— Supplied material —
————

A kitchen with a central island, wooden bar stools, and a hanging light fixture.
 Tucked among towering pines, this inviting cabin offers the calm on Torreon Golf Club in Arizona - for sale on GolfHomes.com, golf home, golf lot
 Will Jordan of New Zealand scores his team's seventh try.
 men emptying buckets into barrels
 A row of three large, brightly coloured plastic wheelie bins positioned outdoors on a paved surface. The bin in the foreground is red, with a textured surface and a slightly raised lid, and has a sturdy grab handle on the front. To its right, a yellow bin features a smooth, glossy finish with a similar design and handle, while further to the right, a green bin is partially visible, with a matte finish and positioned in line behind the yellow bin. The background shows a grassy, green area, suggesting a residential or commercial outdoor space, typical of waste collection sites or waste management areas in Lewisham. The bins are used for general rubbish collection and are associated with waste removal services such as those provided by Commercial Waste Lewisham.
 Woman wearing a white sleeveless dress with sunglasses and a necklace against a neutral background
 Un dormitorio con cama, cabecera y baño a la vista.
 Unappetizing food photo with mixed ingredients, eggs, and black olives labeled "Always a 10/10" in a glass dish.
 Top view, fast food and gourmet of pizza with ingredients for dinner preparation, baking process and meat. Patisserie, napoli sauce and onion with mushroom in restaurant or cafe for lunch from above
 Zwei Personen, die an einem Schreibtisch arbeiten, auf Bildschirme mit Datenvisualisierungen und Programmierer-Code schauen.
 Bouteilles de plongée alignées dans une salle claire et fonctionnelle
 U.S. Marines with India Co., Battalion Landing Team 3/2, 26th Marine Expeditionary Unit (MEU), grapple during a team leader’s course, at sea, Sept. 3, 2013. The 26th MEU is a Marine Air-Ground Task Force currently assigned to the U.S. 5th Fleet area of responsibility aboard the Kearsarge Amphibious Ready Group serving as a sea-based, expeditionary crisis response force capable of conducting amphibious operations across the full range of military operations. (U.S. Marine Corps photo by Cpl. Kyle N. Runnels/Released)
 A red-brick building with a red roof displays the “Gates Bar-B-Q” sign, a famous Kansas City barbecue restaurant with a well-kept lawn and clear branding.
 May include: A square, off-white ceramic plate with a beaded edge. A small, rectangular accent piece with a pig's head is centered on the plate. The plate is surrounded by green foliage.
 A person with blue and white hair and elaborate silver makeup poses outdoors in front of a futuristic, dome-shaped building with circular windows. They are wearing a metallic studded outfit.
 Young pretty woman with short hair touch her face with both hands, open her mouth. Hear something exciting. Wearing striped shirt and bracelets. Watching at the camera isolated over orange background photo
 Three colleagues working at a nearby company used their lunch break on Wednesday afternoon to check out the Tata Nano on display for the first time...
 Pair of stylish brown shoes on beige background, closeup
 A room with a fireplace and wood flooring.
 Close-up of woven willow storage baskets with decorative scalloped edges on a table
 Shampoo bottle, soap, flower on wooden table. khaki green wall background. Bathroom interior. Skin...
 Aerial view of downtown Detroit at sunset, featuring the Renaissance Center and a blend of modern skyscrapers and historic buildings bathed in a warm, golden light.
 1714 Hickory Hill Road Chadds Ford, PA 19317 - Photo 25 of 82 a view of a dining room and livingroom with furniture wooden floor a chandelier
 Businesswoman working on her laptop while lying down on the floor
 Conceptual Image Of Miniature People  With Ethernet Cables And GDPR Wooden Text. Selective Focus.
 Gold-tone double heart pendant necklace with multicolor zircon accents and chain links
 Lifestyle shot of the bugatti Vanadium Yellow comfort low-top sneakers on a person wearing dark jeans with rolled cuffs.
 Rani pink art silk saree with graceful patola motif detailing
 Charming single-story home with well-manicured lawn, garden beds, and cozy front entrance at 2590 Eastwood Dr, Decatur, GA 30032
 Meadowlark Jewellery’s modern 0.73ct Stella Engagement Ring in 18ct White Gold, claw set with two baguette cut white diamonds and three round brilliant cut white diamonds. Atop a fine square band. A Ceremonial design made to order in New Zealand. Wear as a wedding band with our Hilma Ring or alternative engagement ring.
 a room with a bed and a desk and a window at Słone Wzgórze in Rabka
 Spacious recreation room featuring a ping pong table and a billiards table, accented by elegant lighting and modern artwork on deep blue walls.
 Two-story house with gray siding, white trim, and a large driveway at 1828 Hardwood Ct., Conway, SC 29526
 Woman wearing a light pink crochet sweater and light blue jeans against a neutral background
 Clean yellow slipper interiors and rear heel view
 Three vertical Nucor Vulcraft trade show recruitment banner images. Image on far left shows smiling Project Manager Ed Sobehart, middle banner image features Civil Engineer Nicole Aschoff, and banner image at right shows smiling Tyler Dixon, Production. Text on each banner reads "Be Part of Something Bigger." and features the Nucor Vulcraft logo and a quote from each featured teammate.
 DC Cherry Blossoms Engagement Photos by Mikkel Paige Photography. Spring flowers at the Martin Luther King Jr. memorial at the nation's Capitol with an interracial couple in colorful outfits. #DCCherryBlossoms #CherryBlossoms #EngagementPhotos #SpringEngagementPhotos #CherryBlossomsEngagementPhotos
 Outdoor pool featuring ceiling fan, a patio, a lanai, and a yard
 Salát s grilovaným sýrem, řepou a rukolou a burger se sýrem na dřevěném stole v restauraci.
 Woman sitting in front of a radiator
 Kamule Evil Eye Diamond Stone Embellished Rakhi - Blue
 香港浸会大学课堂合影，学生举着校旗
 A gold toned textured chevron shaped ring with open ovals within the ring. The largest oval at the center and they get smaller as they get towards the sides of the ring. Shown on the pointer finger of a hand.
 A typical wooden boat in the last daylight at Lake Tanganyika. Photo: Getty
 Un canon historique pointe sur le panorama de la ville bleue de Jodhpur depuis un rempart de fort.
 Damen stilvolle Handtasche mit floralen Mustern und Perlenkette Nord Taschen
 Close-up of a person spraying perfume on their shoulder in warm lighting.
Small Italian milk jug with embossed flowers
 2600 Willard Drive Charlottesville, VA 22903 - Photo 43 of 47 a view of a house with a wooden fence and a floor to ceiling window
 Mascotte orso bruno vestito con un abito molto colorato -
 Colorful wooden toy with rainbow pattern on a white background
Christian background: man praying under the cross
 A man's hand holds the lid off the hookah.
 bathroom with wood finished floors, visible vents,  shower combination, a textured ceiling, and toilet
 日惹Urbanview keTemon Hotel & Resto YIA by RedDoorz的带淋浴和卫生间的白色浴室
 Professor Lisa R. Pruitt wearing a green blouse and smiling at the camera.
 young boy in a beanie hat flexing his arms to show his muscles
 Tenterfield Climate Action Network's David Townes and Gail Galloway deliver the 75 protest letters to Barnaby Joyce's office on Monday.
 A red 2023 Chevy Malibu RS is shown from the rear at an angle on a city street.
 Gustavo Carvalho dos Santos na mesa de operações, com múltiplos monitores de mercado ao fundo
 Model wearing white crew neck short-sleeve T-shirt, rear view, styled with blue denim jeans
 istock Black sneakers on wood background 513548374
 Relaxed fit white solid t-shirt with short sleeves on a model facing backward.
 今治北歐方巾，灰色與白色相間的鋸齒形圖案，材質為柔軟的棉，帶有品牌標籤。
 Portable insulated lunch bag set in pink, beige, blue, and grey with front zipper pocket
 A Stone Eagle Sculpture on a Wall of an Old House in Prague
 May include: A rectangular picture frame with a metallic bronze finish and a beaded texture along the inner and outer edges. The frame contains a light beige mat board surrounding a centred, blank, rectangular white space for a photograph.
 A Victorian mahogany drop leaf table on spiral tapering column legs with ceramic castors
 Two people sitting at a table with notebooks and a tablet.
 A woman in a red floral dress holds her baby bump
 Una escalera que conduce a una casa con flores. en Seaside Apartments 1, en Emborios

————

— What is required —
When a line in the data contains the string "metallic", copy that line.

— Problem solution —
 A person with blue and white hair and elaborate silver makeup poses outdoors in front of a futuristic, dome-shaped building with circular windows. They are wearing a metallic studded outfit.
 May include: A rectangular picture frame with a metallic bronze finish and a beaded texture along the inner and outer edges. The frame contains a light beige mat board surrounding a centred, blank, rectangular white space for a photograph.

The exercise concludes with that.